Missing ingredients?
No steak? Use fried chicken strips, some ham, or even a veggie patty instead. Cheddar, gouda, or emmental are all good as long as they melt. If you’re out of bagels, try a crusty roll or even a croissant—you’ll still get something delicious.

Serving ideas
Add a crunchy green salad or crispy home fries if you want to make it a full meal. If you’re short on time, an espresso or fresh-squeezed orange juice on the side is perfect. When I want it really American, I go for a big latte with plenty of foam with the sandwich.
A bit of background
Steak, egg, and cheese bagels are a staple at American breakfast spots and diners.

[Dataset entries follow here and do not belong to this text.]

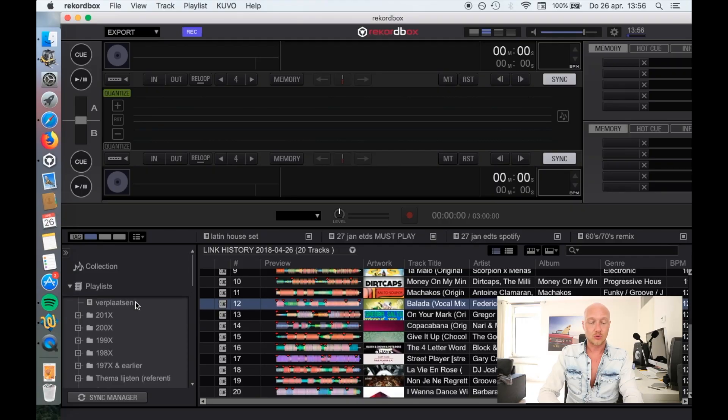You can only use the history function if you have connected something to Rekordbox — that can be your CDJs via the Pro DJ Link connection, a DJ controller that you use with Rekordbox DJ, or a USB thumb drive in your CDJs. So let's dive into Rekordbox.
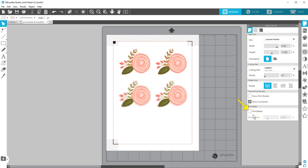Check the box for Print Bleed and all of the colored designs on your page will print with the color extended beyond the original design. The cut line itself will remain in place.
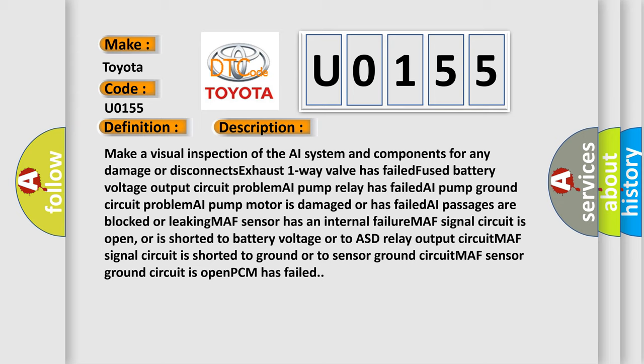AI passages are blocked or leaking. MAF sensor has an internal failure. MAF signal circuit is open or is shorted to battery voltage or to ASD relay output circuit. MAF signal circuit is shorted to ground or to sensor ground circuit. MAF sensor ground circuit is open. PCM has failed.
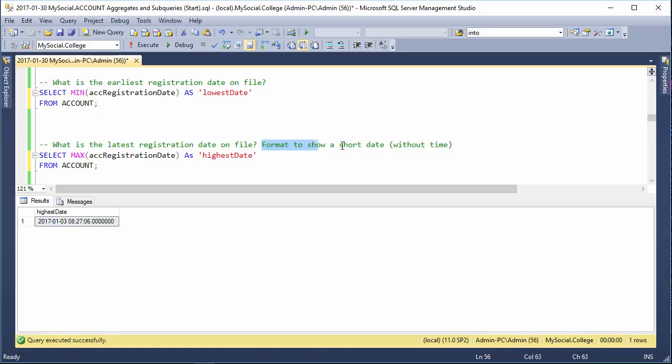Now, our question also here, I just want to show you, it says format to show a short date without the time. So, we've got this long date stamp. How do we show just the short date?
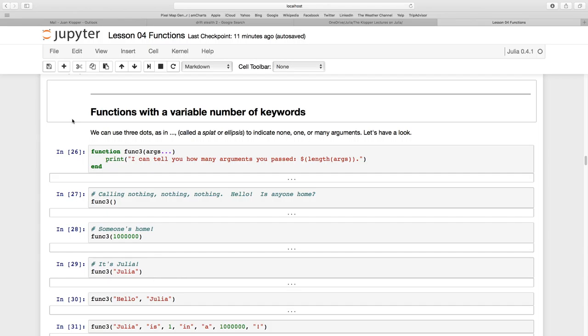Let's carry on by looking at functions with a variable number of keywords. Up to now we've only allowed a certain number of keywords. We've limited what keywords can be passed.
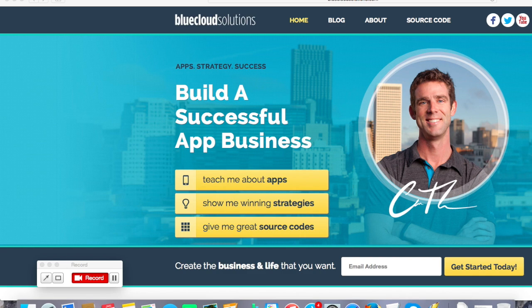Hello, this is Mark from Blue Cloud Solutions. Thanks for joining me. Today I'm going to go over how to capture, edit, and export those tricky video previews and upload them to the App Store.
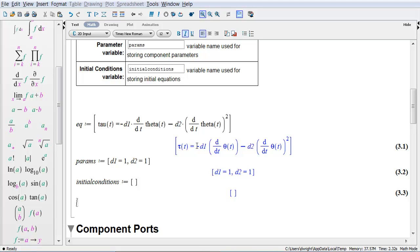...is negative d1 times the angular velocity, so that's the time derivative of the angle, minus d2, so some other coefficient, times the time derivative of the angle or the angular velocity squared. So that's my non-linear term right there, it's squared, and I've given default values of d1 and d2 as 1.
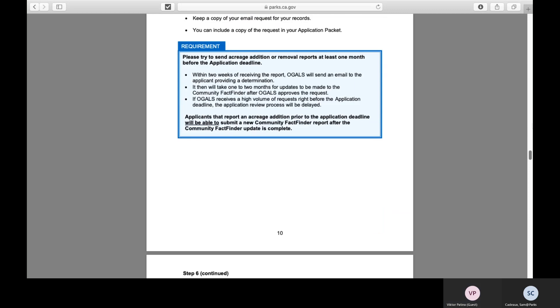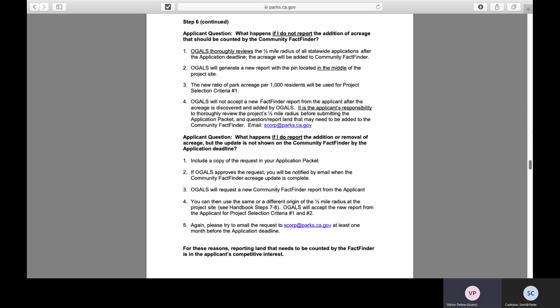Step six continued: what happens if you know there is park acreage that should be added but do not report it? Please be aware that we follow the same steps in this handbook. The office will thoroughly review the half-mile radius. If we discover acreage that should have been reported, a new report will be created with the pin located in the middle of the project site, and the new ratio will be used in the competition instead of the report you submitted. It is the applicant's responsibility to thoroughly review the project's half-mile radius before submitting the application packet.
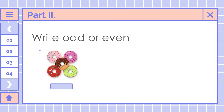Next, we're going to write odd or even. When we say odd, remember, the number ends with 1, 3, 5, 7, and 9. Here, we count how many doughnuts we have: 1, 2, 3, 4, and 5. Is it odd or even? Odd.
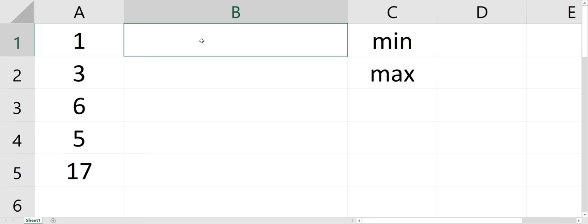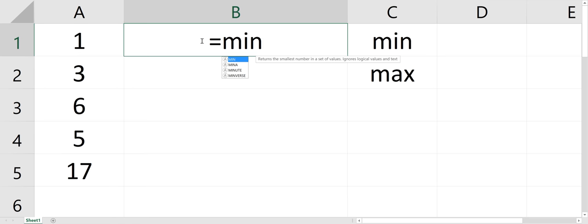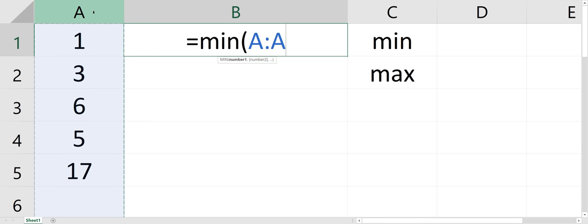So all you have to do is equals min, and I'm going to just search an entire column A.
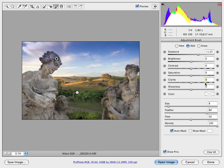Alright, there you have it. The adjustment brush in Photoshop CS4 and Camera Raw.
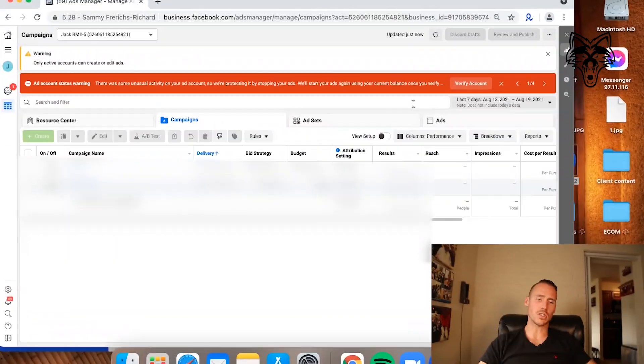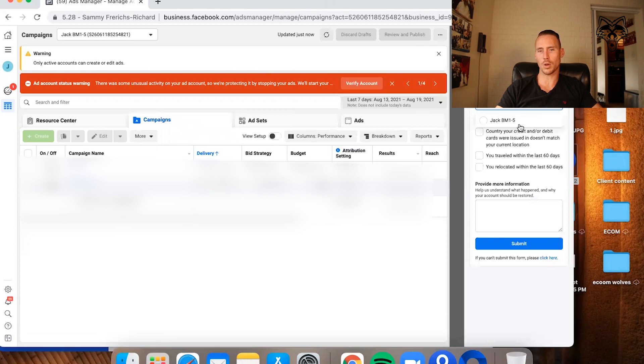I want to show you one other example of where you want to use this. The other scenario you're going to run into is what you're seeing here on my screen — there's a need to verify the ad account. This typically happens anytime you set up a system like I teach people to do and you start running traffic on it. A lot of this comes down to using multiple credit cards that don't always match the location of the IP address or the profile itself, because you're using all these different profiles. This usually happens once you start running conversion campaigns. The ad account gets disabled and you don't actually do anything wrong, and then you hit verify account. It's better to do this with an ID-verified profile.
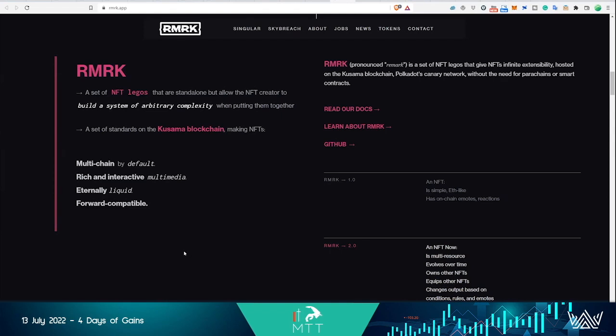So we've solved the global creator economy problem where everybody can contribute to everything, and this is also what makes decentralized metaverses possible.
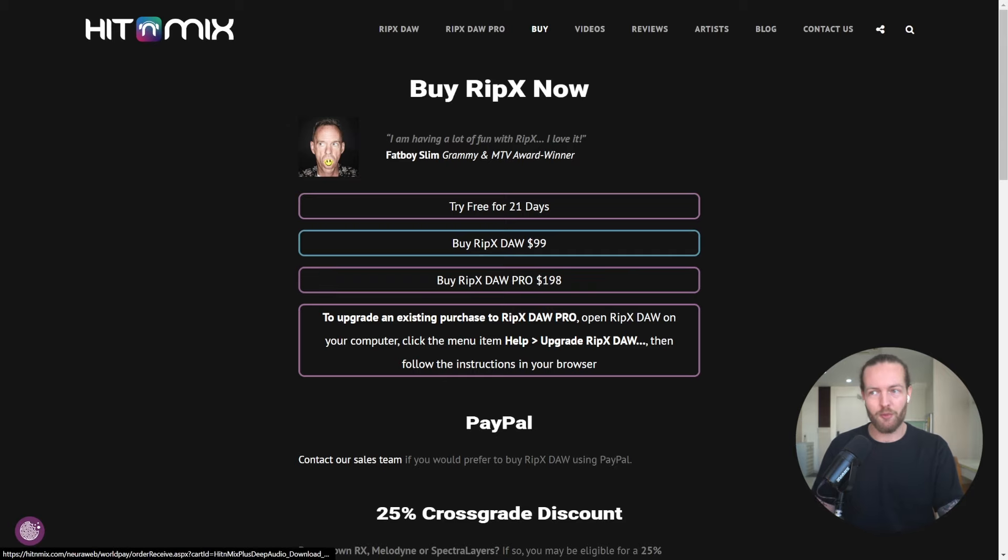So click my link in the description down below to go to this website and try it for free. I want to test it more in some other videos and if you want to see that, subscribe to the channel. Alright, see you in the next video.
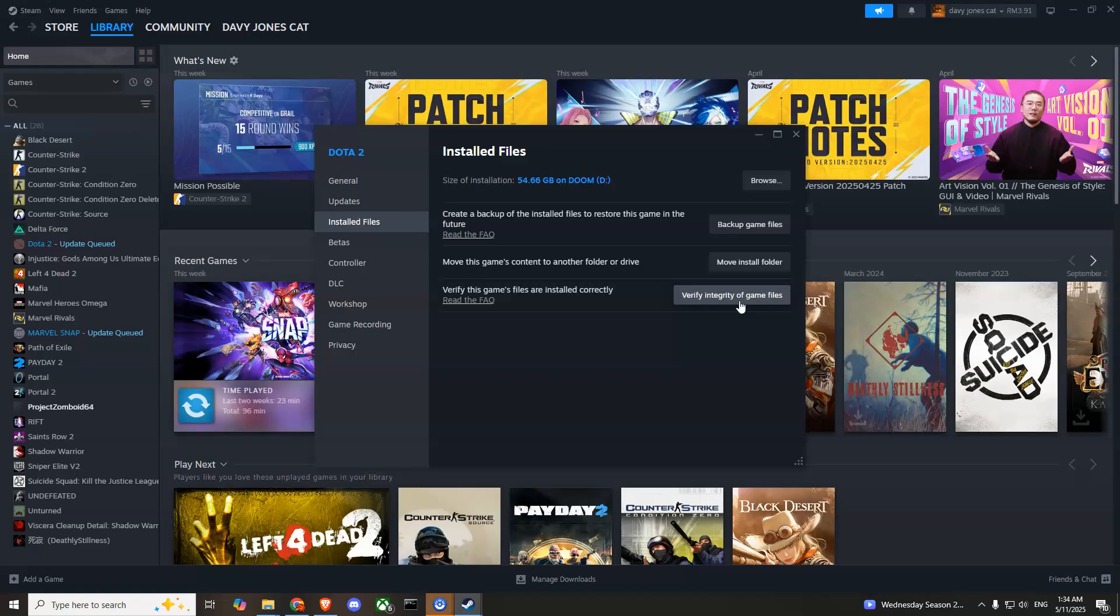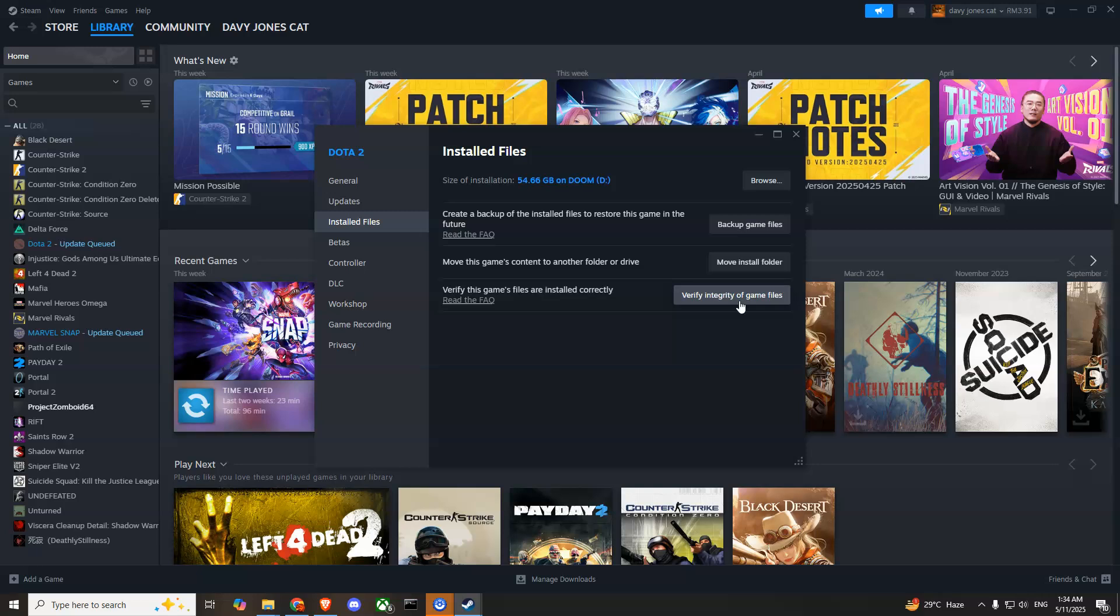After you press this button, Steam will take a few minutes to download all the missing files you've just deleted. After the download completes, your freshly installed game will not have any issues.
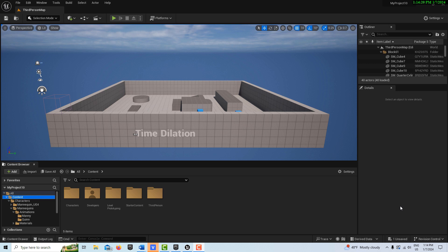Hey, how's it going? Today we're going to explore this time dilation effect that's really super cool.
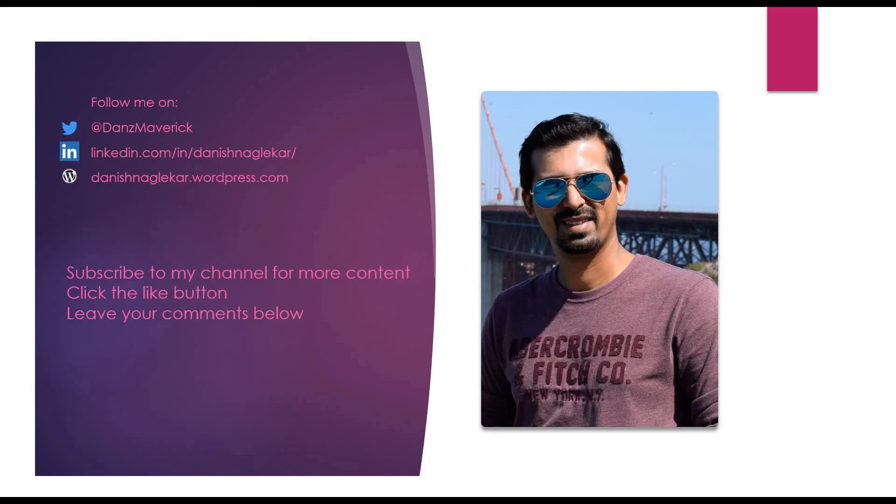That's it, guys. Thank you for watching, and don't forget to click the subscribe button and leave a comment below.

Back in the 90s, McDonald’s sold out of them first most mornings. In the Midwest, folks swear by them to power up before a commute or a long day. These days, lots of people make them at home for a grab-and-go breakfast.
Recipe FAQs
- → What’s the best steak cut for this bagel?
Lots of folks love ribeye or sirloin, but roast beef slices are tasty too. Cut it nice and thin for awesome flavor and juicy bites.
- → Can I swap out the cheese type?
Absolutely—cheddar and Swiss melt great and taste awesome. Gouda’s a good pick too.
- → How do you get the egg really fluffy?
Beat the egg with a splash of milk, keep your heat low, and let it gently set. Shape it so it fits right in your bagel.
- → Which kind of bagel works best?
Plain bagels let all the flavors shine. Or change it up with something like sesame or whole wheat for a twist.
- → How do I make onions extra caramelized?
Let onions cook slowly with some butter, stirring often. Wait until they’re soft and deep golden brown.